# EXERCISE REQUIREMENTS:
Everything in the listing below should be repeated verbatim, apart from the pictures.

# GIVEN MATERIAL:
◆ ◆ ◆ ◆ ◆

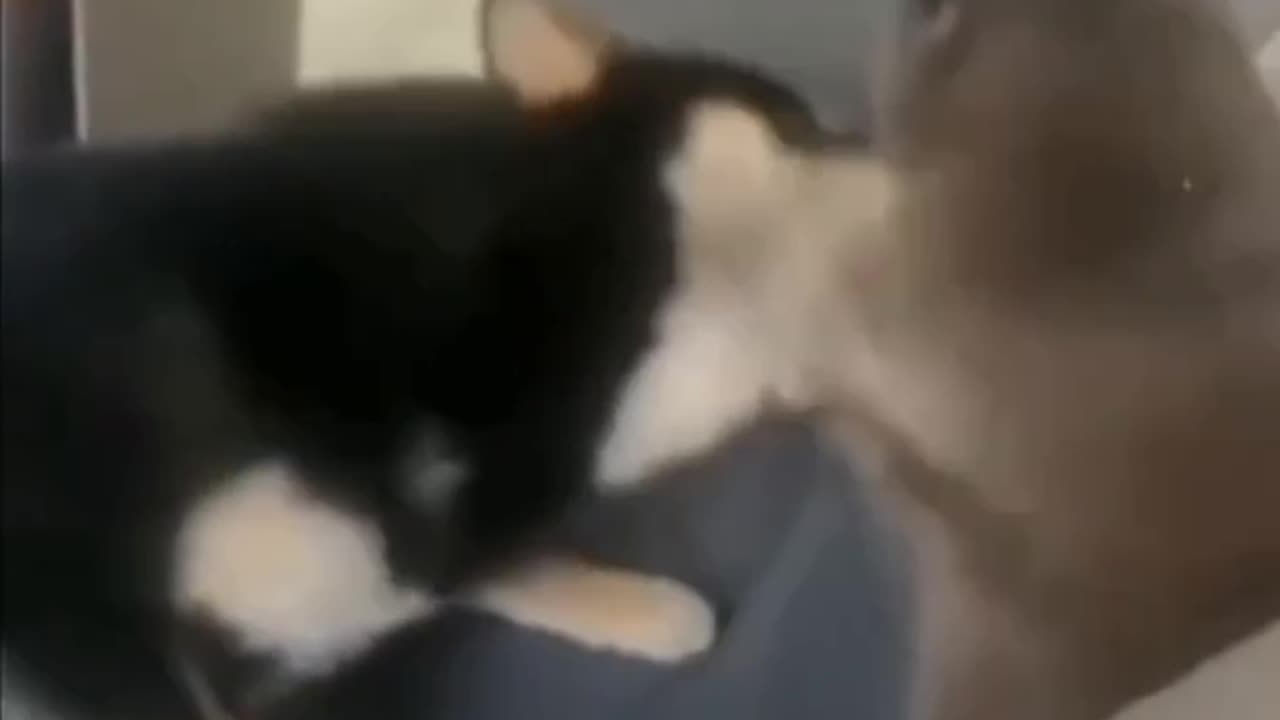 cats training to take out their dog nemesis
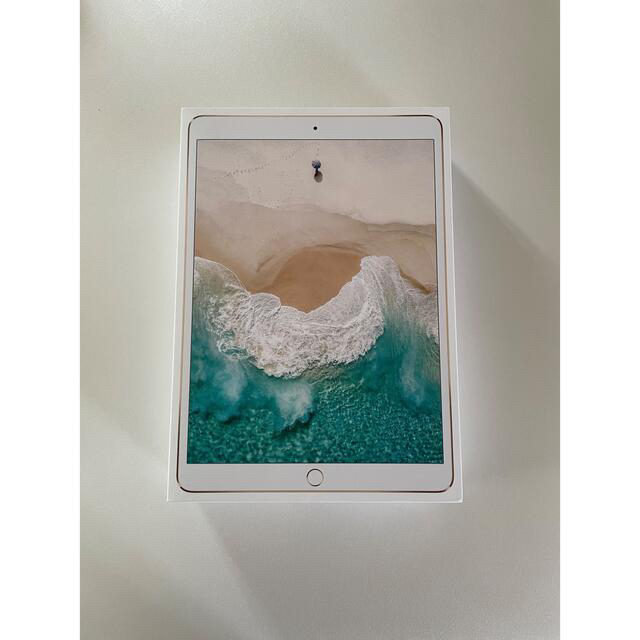 iPad pro 10.5 256GB wifi モデル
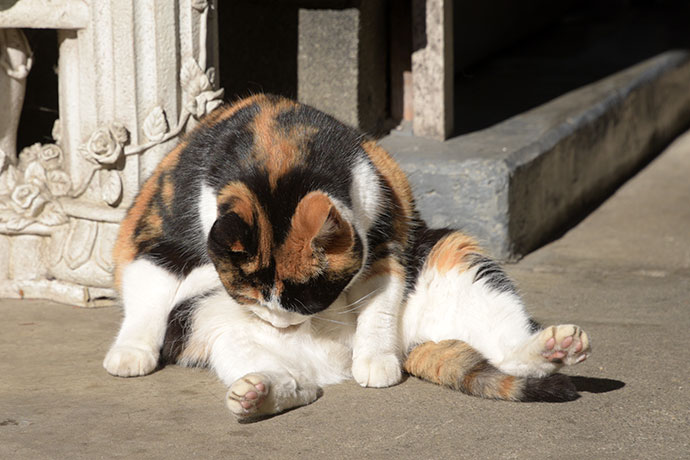 街のねこたち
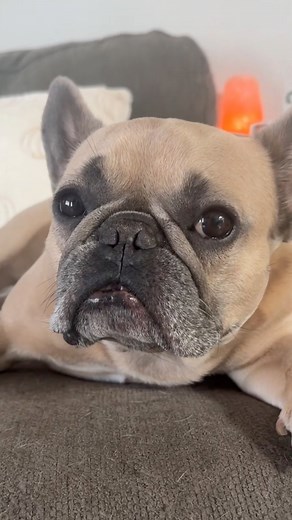 It’s that smushed face that gets me #bedhead #sleepface #sleepydog #dontbotherme #frenchbulldog #dogparent #psa #learnwithme | somefrenchienamedapollo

◆ ◆ ◆ ◆ ◆

# EXERCISE OUTPUT:
 cats training to take out their dog nemesis
 iPad pro 10.5 256GB wifi モデル
 街のねこたち
 It’s that smushed face that gets me #bedhead #sleepface #sleepydog #dontbotherme #frenchbulldog #dogparent #psa #learnwithme | somefrenchienamedapollo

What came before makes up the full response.